*TASK DETAILS*.
Report back every line in the data that includes the string "Photo".

-- LISTED RECORDS follows --

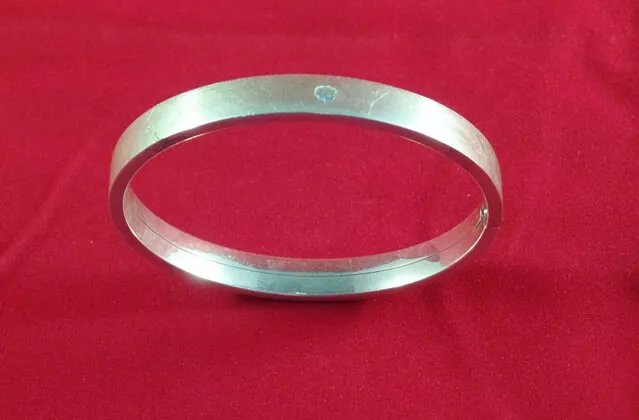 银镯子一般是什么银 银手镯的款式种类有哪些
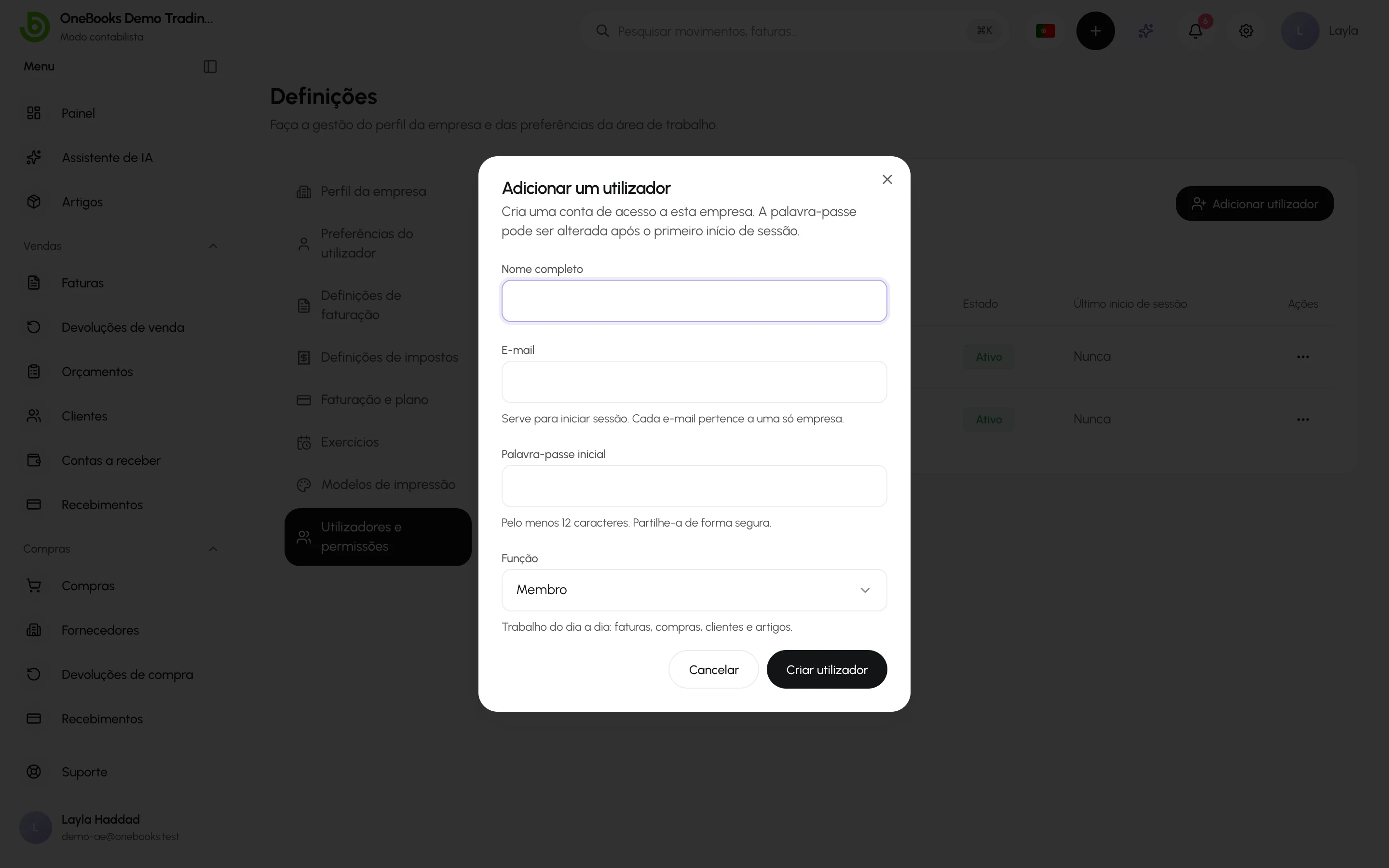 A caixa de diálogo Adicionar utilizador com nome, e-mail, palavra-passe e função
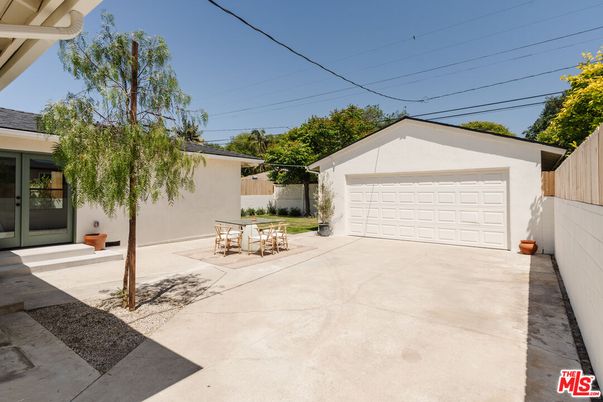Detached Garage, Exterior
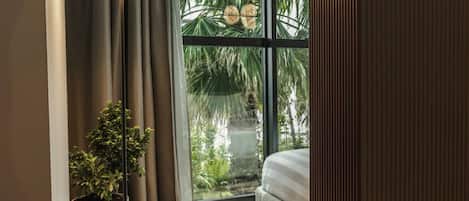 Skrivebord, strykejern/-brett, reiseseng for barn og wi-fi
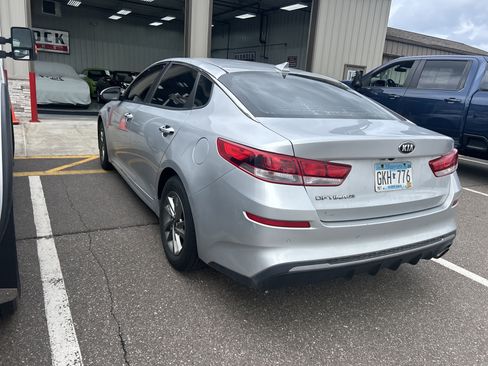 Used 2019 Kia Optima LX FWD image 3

-- LISTED RECORDS concluded --
-- LISTED RECORDS follows --

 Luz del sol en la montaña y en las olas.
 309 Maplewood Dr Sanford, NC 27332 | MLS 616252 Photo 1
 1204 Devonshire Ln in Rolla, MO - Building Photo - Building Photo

-- LISTED RECORDS concluded --

*SOLUTION TO THIS EXERCISE*.
 309 Maplewood Dr Sanford, NC 27332 | MLS 616252 Photo 1
 1204 Devonshire Ln in Rolla, MO - Building Photo - Building Photo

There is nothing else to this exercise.